The 'Meet' Series is my chance to interview anyone I would love to meet that is involved in African literature. This month is extra special as I have had the great pleasure of meeting two wonderful authors. Today, I bring the second author in my two-part special. 


Back in March, I delved into the world of a crazed gynaecologist and a psychologist trying to bring him down. It was a terrifying novel, which still gives me chills whenever I think of it. Which is why I am so excited that in my extra special 'Meet' series, I have the pleasure of meeting Joanne Macgregor - the author behind the chilling psychological thriller, Dark Whispers. Enjoy!!!


Thanks so much for having me on your fabulous blog!

Can you tell us a little bit about yourself (where you’re from, what you do, any fun details)?
I’m a born and bred Joburger, deeply rooted in the frenetic adrenaline-rush of this amazing city. I have lived here among the Hadedahs and mine-dumps all my life. Johannesburg isn’t a beautiful city – though we do have fabulous trees – but there’s something about the vibe and the pace that’s exciting. Or maybe we all just have altitude sickness.

By profession, I’m a Counselling Psychologist in private practice, dealing primarily with adult victims of crime and trauma. It’s tough work and to combat creeping burnout, I started writing fiction several years ago.
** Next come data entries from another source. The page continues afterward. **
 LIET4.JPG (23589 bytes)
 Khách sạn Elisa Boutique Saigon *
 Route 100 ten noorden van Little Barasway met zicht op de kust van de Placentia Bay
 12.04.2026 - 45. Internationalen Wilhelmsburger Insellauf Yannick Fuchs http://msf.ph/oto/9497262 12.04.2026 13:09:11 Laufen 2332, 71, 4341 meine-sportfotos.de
Now I consult and write on alternate days, and in completely different head- and physical spaces.

I started my professional life as a high school English Teacher, but at different times in my life I have also worked as an IT trainer, a waitress, a theatre dogsbody, a management consultant and I once had a job handing out helium balloons in a shopping mall, while wearing a bathing suit and high heels!

What was the first piece you ever wrote?
I had a poem published in our city’s newspaper at the age of 7 years and I’ve tinkered with writing ever since, but I started writing my first book – or trying to – about nine years ago. It was a biography of the sole survivor of the 2003 “Sizzlers Massacre” of nine men working in a Cape Town massage parlour. Although it was never published, I learned an enormous amount about writing and that gave me the confidence to begin writing books that have, thankfully, been published.
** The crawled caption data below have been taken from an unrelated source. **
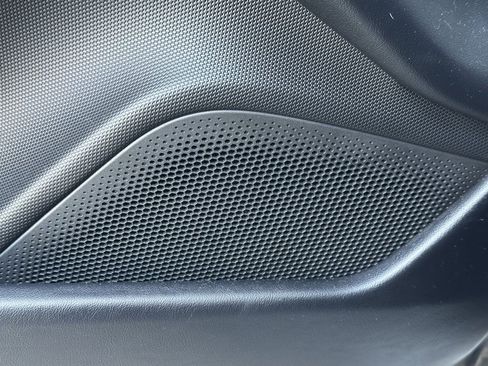 Used 2023 Porsche Taycan image 24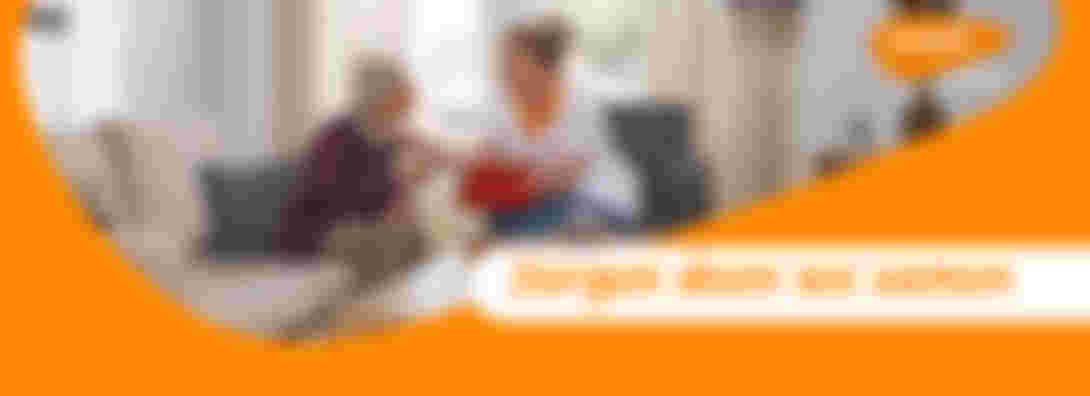 Vrijwilliger gezelschap spelletjes in thuissituatie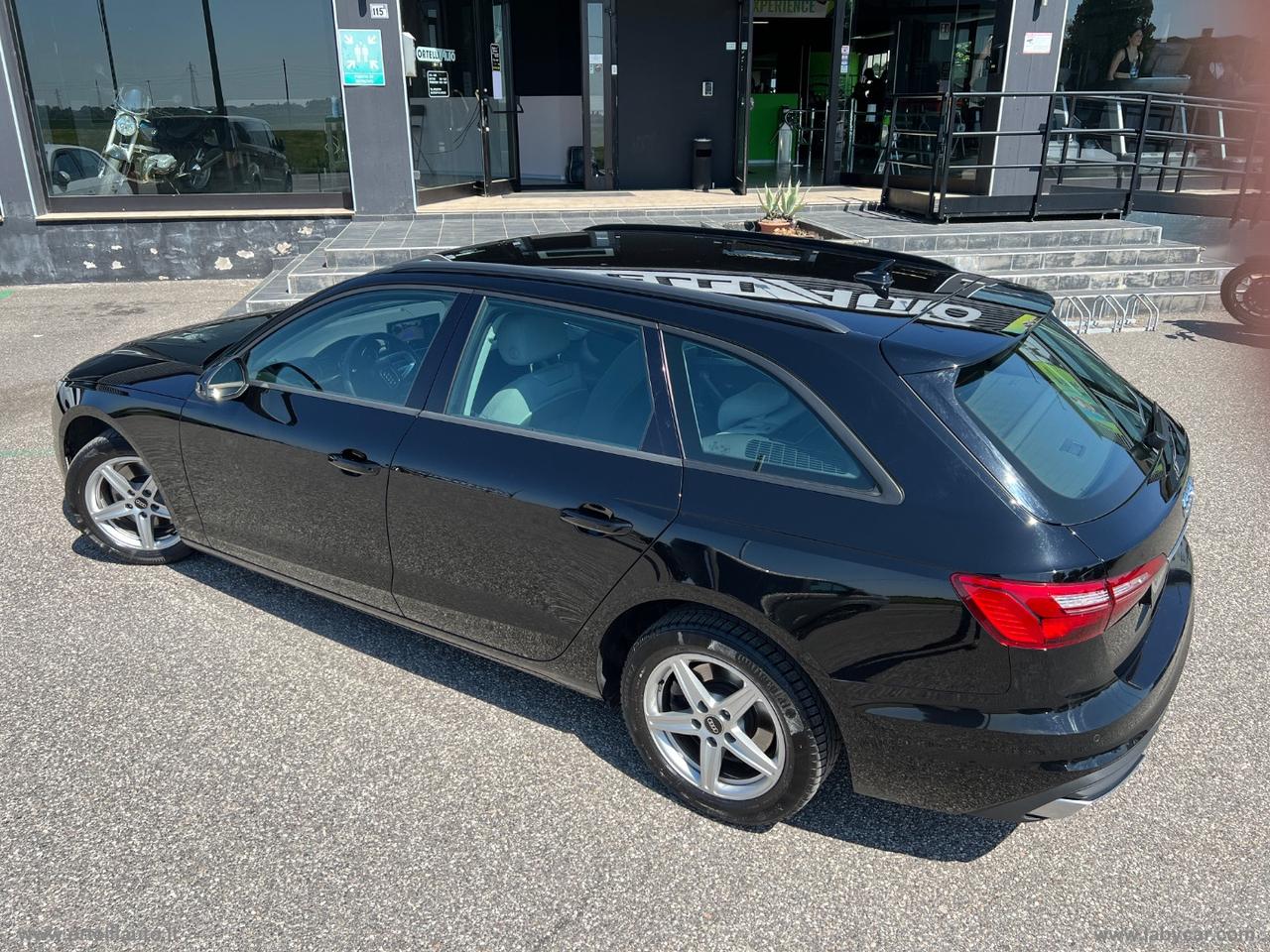 AUDI A4 Avant 35 TDI/163CV MHVE S tronic Business IVA DEDUCIBILE
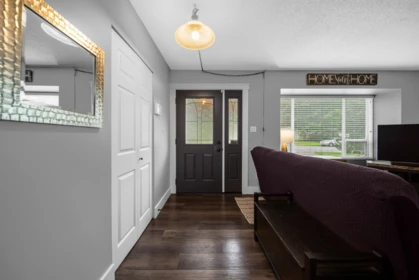Kitchen Photo of 34855 Laburnum Avenue, Abbotsford, BC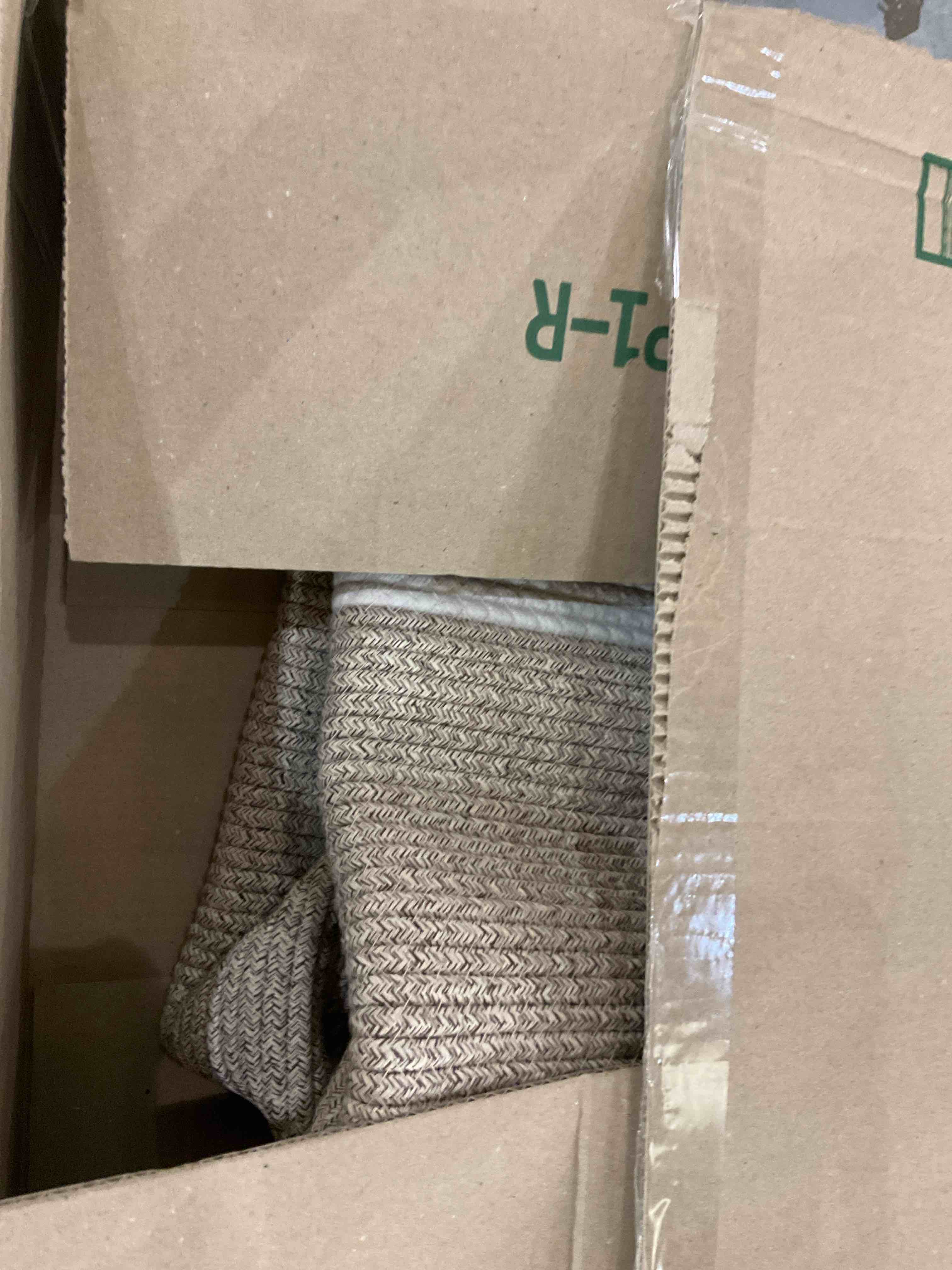 https://s3.amazonaws.com/lotting-images-prod/BargainHunt/EXS01404758_1723644109358.jpeg
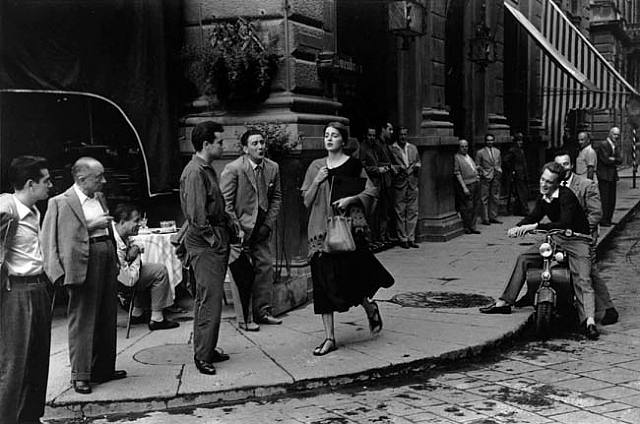 artwork_images_221_404719_ruth-orkin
What draws you to writing?
I think it’s that the work is so varied that even I can’t get bored. Each time there’s a rhythm to getting the idea, fleshing it out in pleasant daydreams, getting it down on paper, editing and rewriting, and these days, of course, marketing, but it’s never the same. Each new book is like a new baby, and you can’t quite be sure what it might become! Also, I have just always been in love with words, so becoming a wordsmith has felt like coming home.
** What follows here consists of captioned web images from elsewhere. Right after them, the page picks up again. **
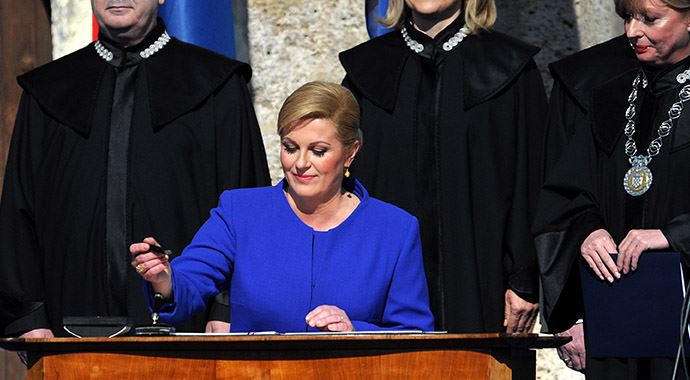 Hırvatistan&#039;ın yeni Cumhurbaşkanı Kitaroviç yemin etti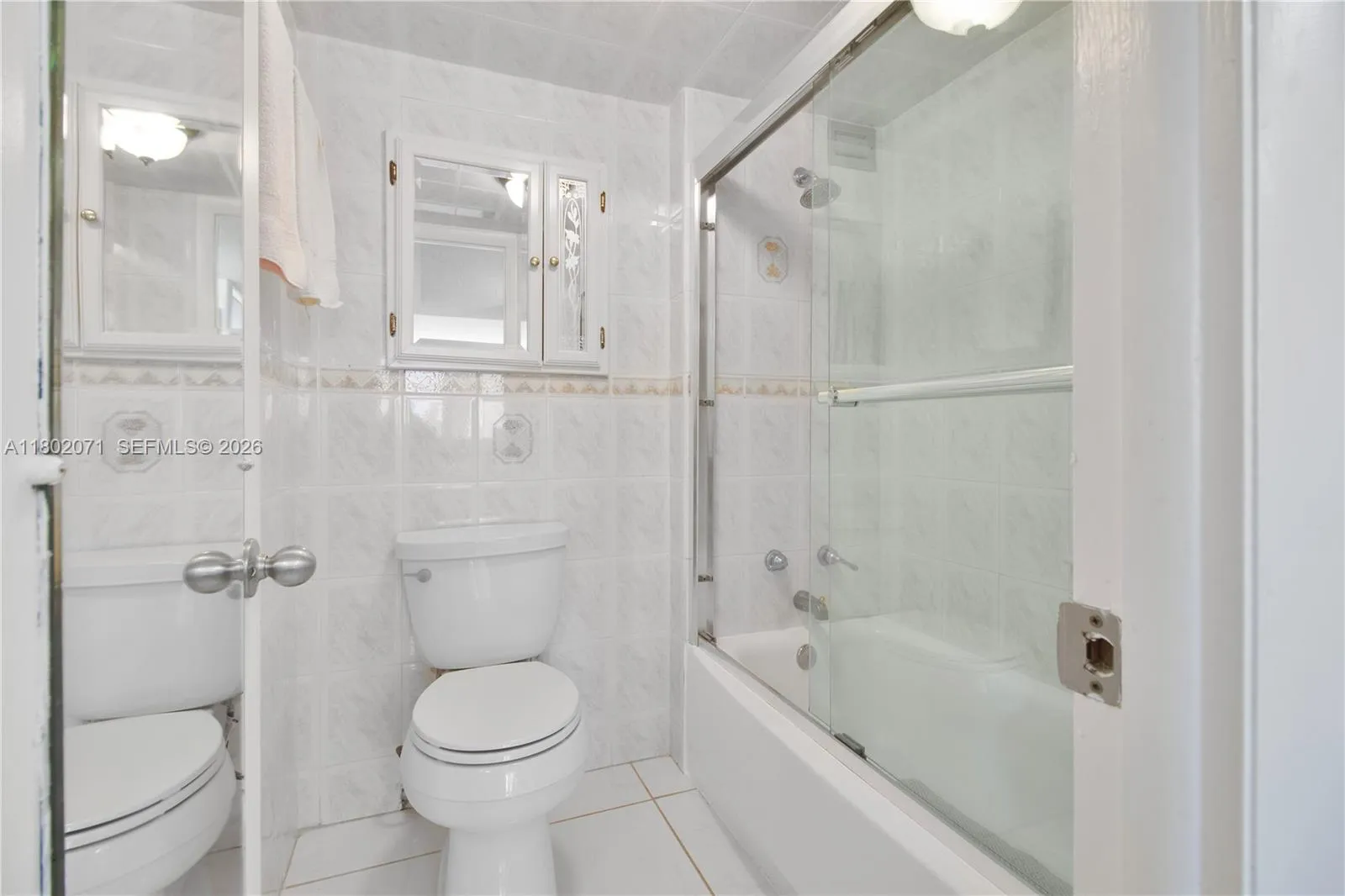 5838 Collins Ave 2h, Miami Beach, Florida 33140, Miami Beach, Florida 33140, 1 Bedroom Bedrooms, ,1 BathroomBathrooms,Residential,For Sale,5838 Collins Ave 2h, Miami Beach, Florida 33140,A11802071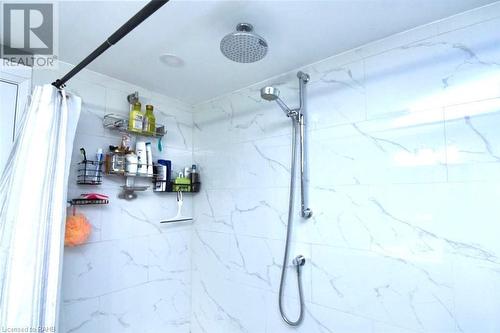 3 Pleasant Avenue, Stoney Creek, ON - Indoor Photo Showing Bathroom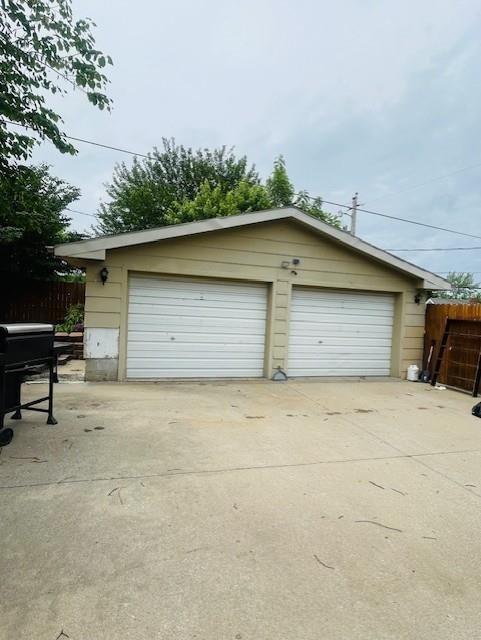 3119 Seneca Street — photo 35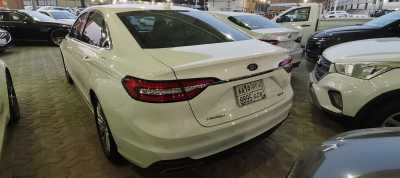  Ford / Taurus 2021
What do you do when you are not writing?
I work at my day job, mother my kids and read in every spare moment. I’m a pretty good cook, too, so you’ll likely find me in the kitchen instead of at parties :).

On Novels

You are a successful writer of YA novels in South Africa, so before I go into the questions I am dying to ask about your latest novel, Dark Whispers, could you tell us a bit about your ‘books for under 18s’?
I have two books for younger YA readers which have been published, and many more already in the pipeline. Turtle Walk and its sequel Rock Steady tell the story of three girls at a high school in South Africa. In every book, they’re a year older and in a higher grade, and in each they tackle some broadly ecological issue which is a metaphor for their inner growth and development. In Turtle Walk it was illegal long-line fishing which decimates our marine Leatherback Turtle population; in Rock Steady it’s the illegal trade in San Rock Art. In the third of the series, which I’m currently writing, the girls come face to face with fracking – external and internal!

Of course, back at school, the eco-warriors have to deal with the usual teen issues – first love, parental pressure, really mean teachers, etc. Samantha, the main character, also suffers from anxiety and it’s been fun to explore that in the books.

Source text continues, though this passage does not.